The problem could only get worse as the growing demand for meat and livestock products is expected to double the consumption of antimicrobials in India by 2030.

Despite these emerging threats from multiple fronts, India has no public database of mortality caused due to antimicrobial resistance. However, a nascent surveillance network has been in place for a few months, under which researchers get access to data from 30 laboratories across the country. The government also finalized a national action plan on antimicrobial resistance in April 2017. There is now growing demand for tight regulations on the prescription and sale of antibiotics.
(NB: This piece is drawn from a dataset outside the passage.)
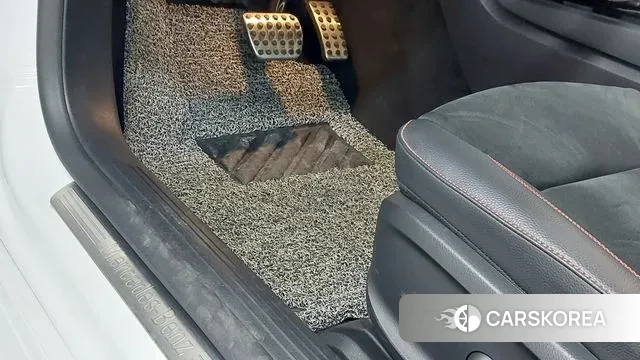 Mercedes-Benz CLA-Class C118 2023 Белый из Кореи, фото 4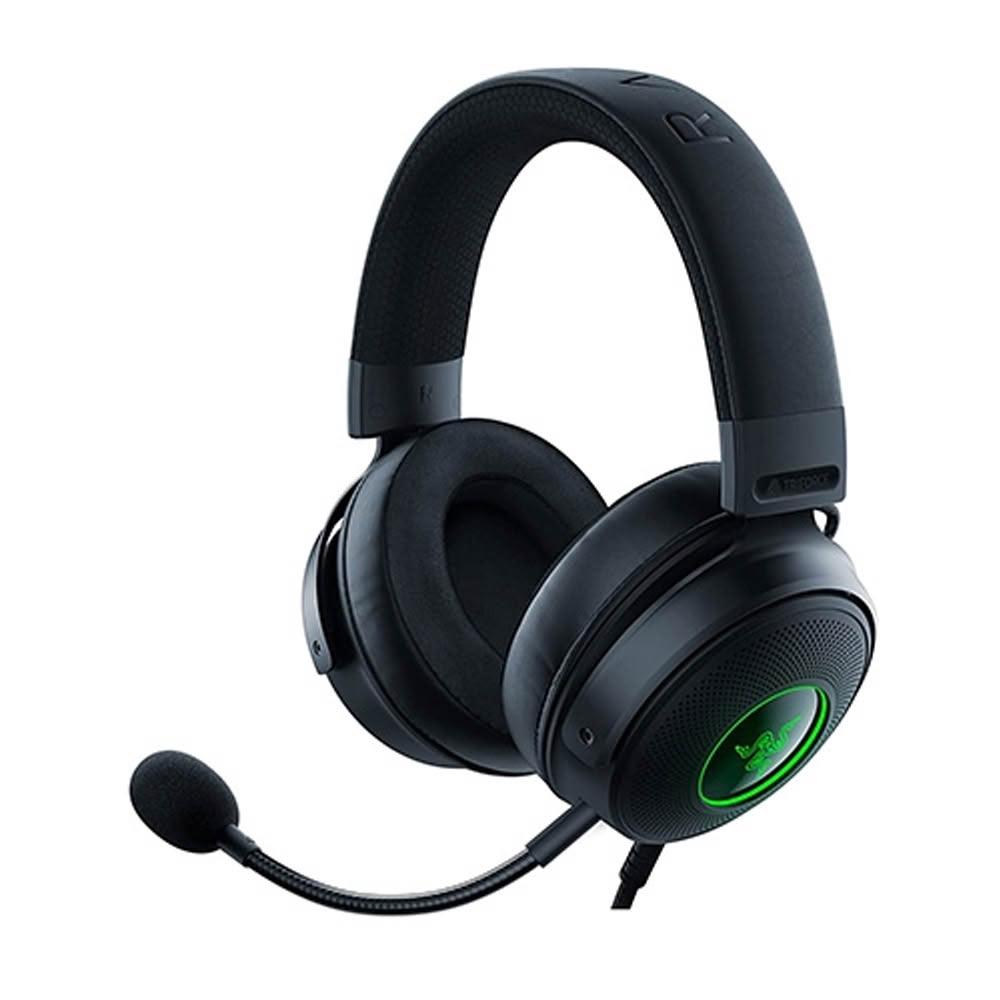 【Razer 雷蛇】Razer 雷蛇Kraken V3 X 北海巨妖 V3 X 有線電競耳機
But even as the old and existing arsenal of antibiotics is being lost to a growing array of resistant bacteria, no new drugs are entering the market. No new antibiotic has been discovered in last three decades, especially not against the gram-negative strain of bacteria prevalent in India.

Most pharmaceutical companies generally do not consider antibiotics to be a good source for revenue generation. A new antibiotic requires decades of research, but it will remain effective for merely a few years until the bacterium acquires resistance. The R&D focus, therefore, is more on lifestyle-related drugs, ranging from diabetes to cardiovascular diseases, which have to be administered throughout the course of one’s life.

“The need of the hour is to enforce a new stewardship model—to give the patient the right drug, at the right time, in the right dose and for the right duration," said Kamini Walia, programme officer (AMR) of the Indian Council of Medical Research.

“Otherwise, even the existing drugs will meet the same fate as the previous ones. And chances are if India does not put [effective] regulations in place, [other] countries may not even want to launch new drugs in India," she added.